--- START ---

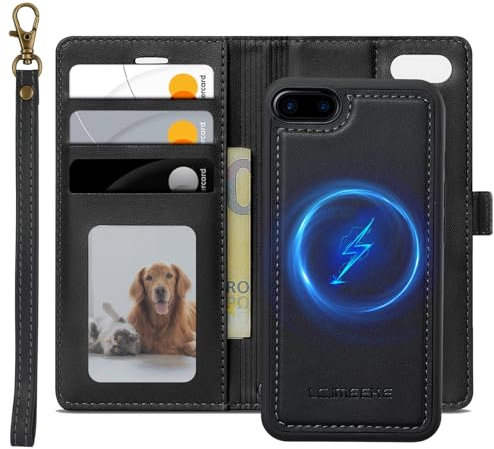 XTCASE Leder Hülle für iPhone 7/8/SE 2020/2022 Magnetisch Kompatibel mit MagSafe, 2 in 1 Abnehmbare Handyhülle Flip Case [Kabelloses Laden] [Kartenfach] [Ständer] Klappbare Klapphülle, Schwarz
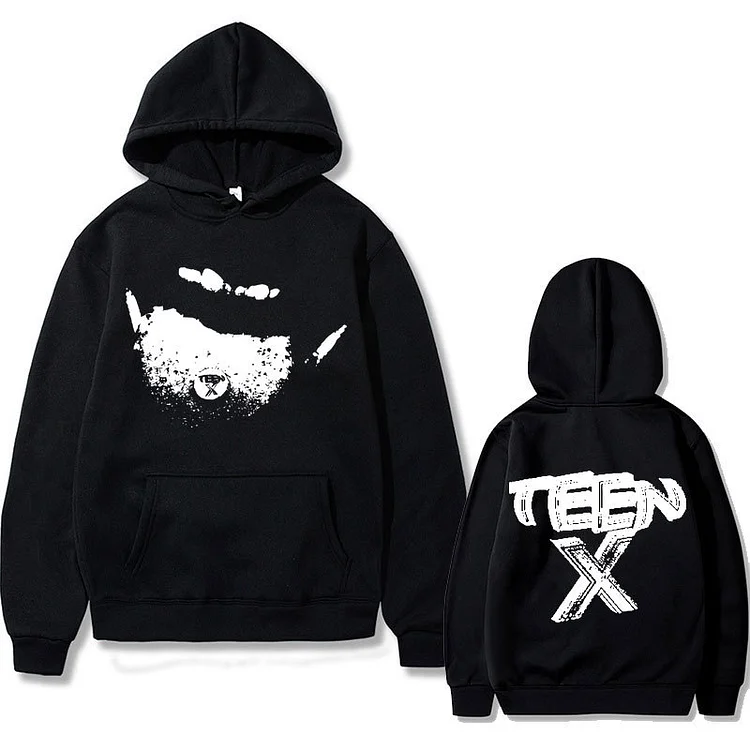 Hip Hop Teen X Double Sided Print Hoodie Loose Sweatshirts at Hiphopee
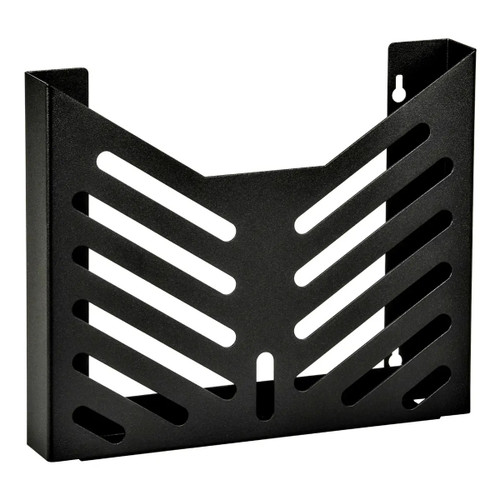 Slotted Wall Mounted Magazine Brochure Stand, black metal wall mount literature holder with multiple slots for brochures or magazines.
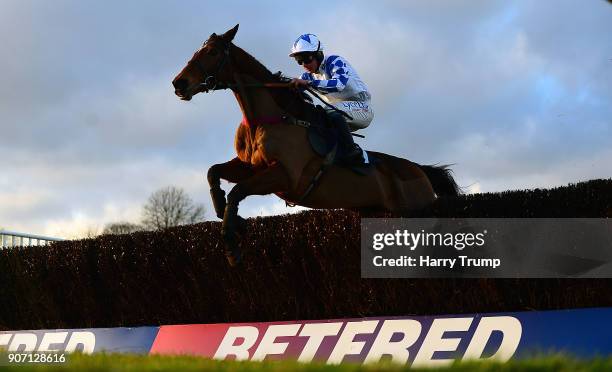 Becauseshesaidso ridden by Charlie Deutsch jump the last on their way to winning the Download The App At 188Bet Handicap Steeple Chase at Chepstow...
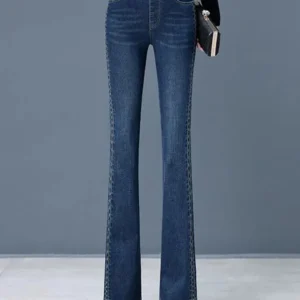 Women Vintage Skinny Stretch Flare Jeans Korean Elastic High Waist Wide Leg Denim Pants Ankle Length Big Size 4xl Kot Pantolon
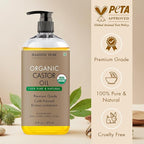 Majestic Pure Organic Castor Oil 16 Fl Oz - 100% Pure and Natural - Premium Grade Carrier Oil - Hair, Eyelashes and Eyebrows - Hair Oil and Body Oil - Expeller Pressed - Hexane Free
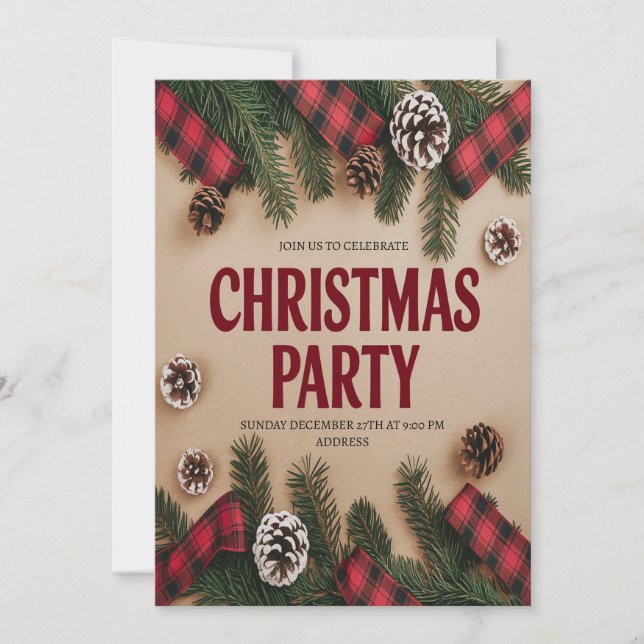 Convite de Festa de Natal Festivo Elegante (Frente)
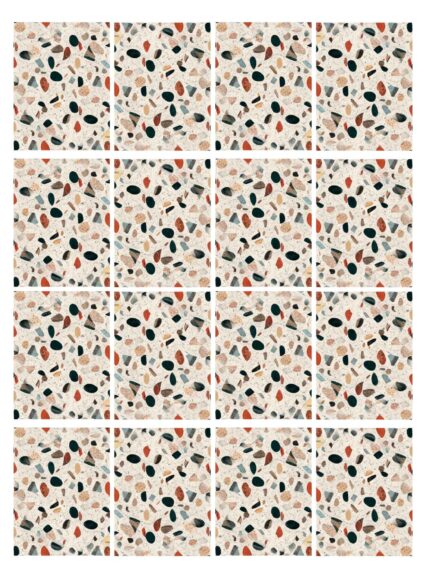 Fliesenaufkleber Terrazzo Klassik im Rechteckformat an der Wand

--- END ---

With all pictures omitted, return exactly the lines from the one containing "Hip Hop Teen" through the end of the entries above.

Solved exercise:
 Hip Hop Teen X Double Sided Print Hoodie Loose Sweatshirts at Hiphopee
 Slotted Wall Mounted Magazine Brochure Stand, black metal wall mount literature holder with multiple slots for brochures or magazines.
 Becauseshesaidso ridden by Charlie Deutsch jump the last on their way to winning the Download The App At 188Bet Handicap Steeple Chase at Chepstow...
 Women Vintage Skinny Stretch Flare Jeans Korean Elastic High Waist Wide Leg Denim Pants Ankle Length Big Size 4xl Kot Pantolon
 Majestic Pure Organic Castor Oil 16 Fl Oz - 100% Pure and Natural - Premium Grade Carrier Oil - Hair, Eyelashes and Eyebrows - Hair Oil and Body Oil - Expeller Pressed - Hexane Free
 Convite de Festa de Natal Festivo Elegante (Frente)
 Fliesenaufkleber Terrazzo Klassik im Rechteckformat an der Wand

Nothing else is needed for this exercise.